* **Work to complete**:
Would you copy the listing below exactly, keeping the pictures out?

┌────────

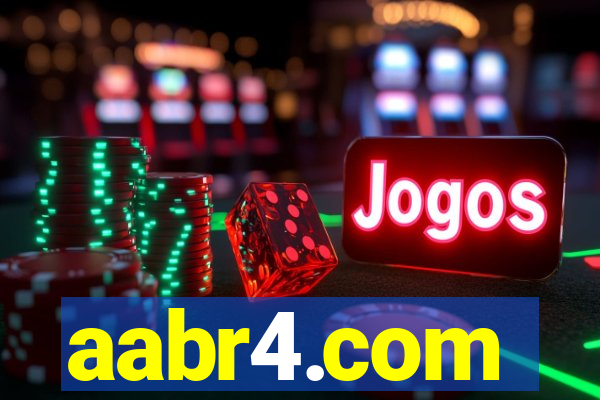 aabr4.com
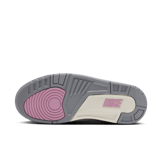 Air Jordan 2/3 White Orchid (W) Angle 0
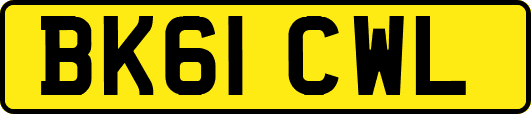 BK61CWL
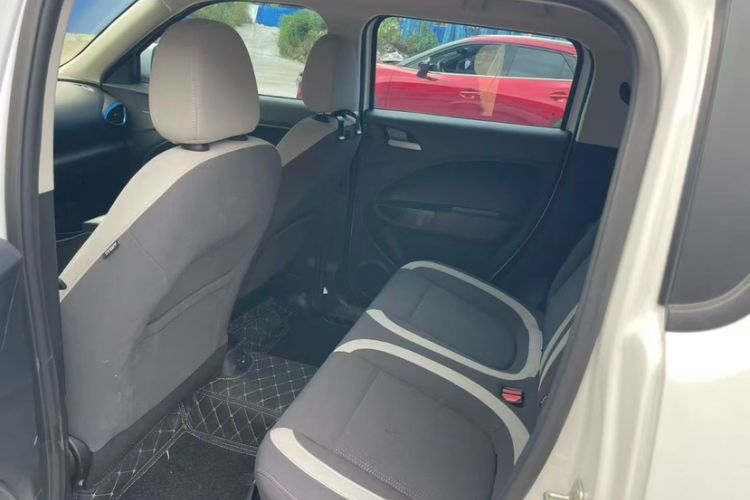 Used ORA White Cat 2020 305 km Luxury Version
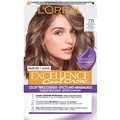 Produktbild: Excellence Cool Farbstoff #7.11-intensives Aschblond 192 ml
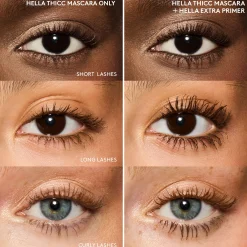 FENTY BEAUTY Hella Extra Mascara-Boosting Lash Primer, 10ML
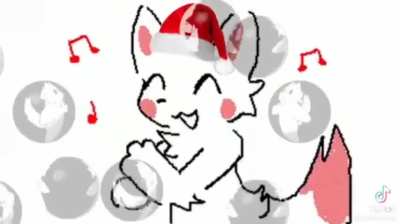 Merry kissmas my friends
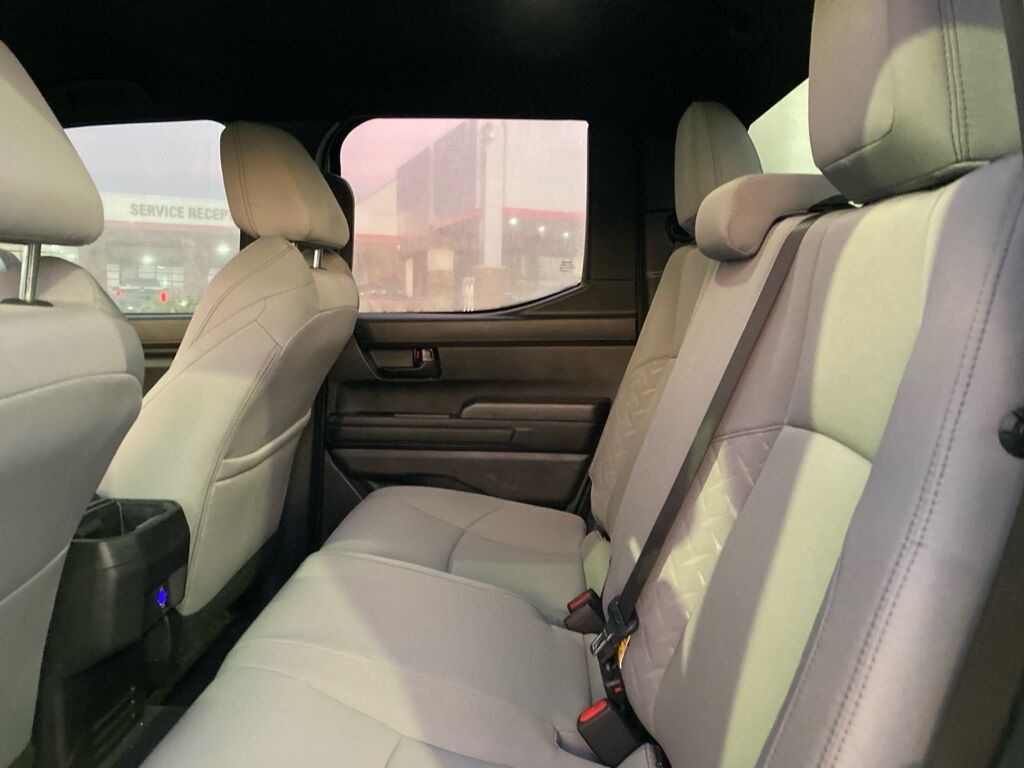 2025 Toyota Tacoma SR5 San Antonio TX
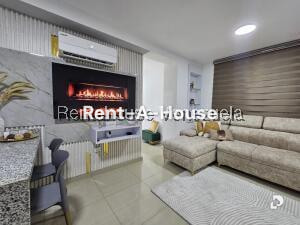 Apartamento en La Morita, Maracay – 13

└────────

* **Exercise output**:
 aabr4.com
 Air Jordan 2/3 White Orchid (W) Angle 0
 BK61CWL
 Used ORA White Cat 2020 305 km Luxury Version
 Produktbild: Excellence Cool Farbstoff #7.11-intensives Aschblond 192 ml
 FENTY BEAUTY Hella Extra Mascara-Boosting Lash Primer, 10ML
 Merry kissmas my friends
 2025 Toyota Tacoma SR5 San Antonio TX
 Apartamento en La Morita, Maracay – 13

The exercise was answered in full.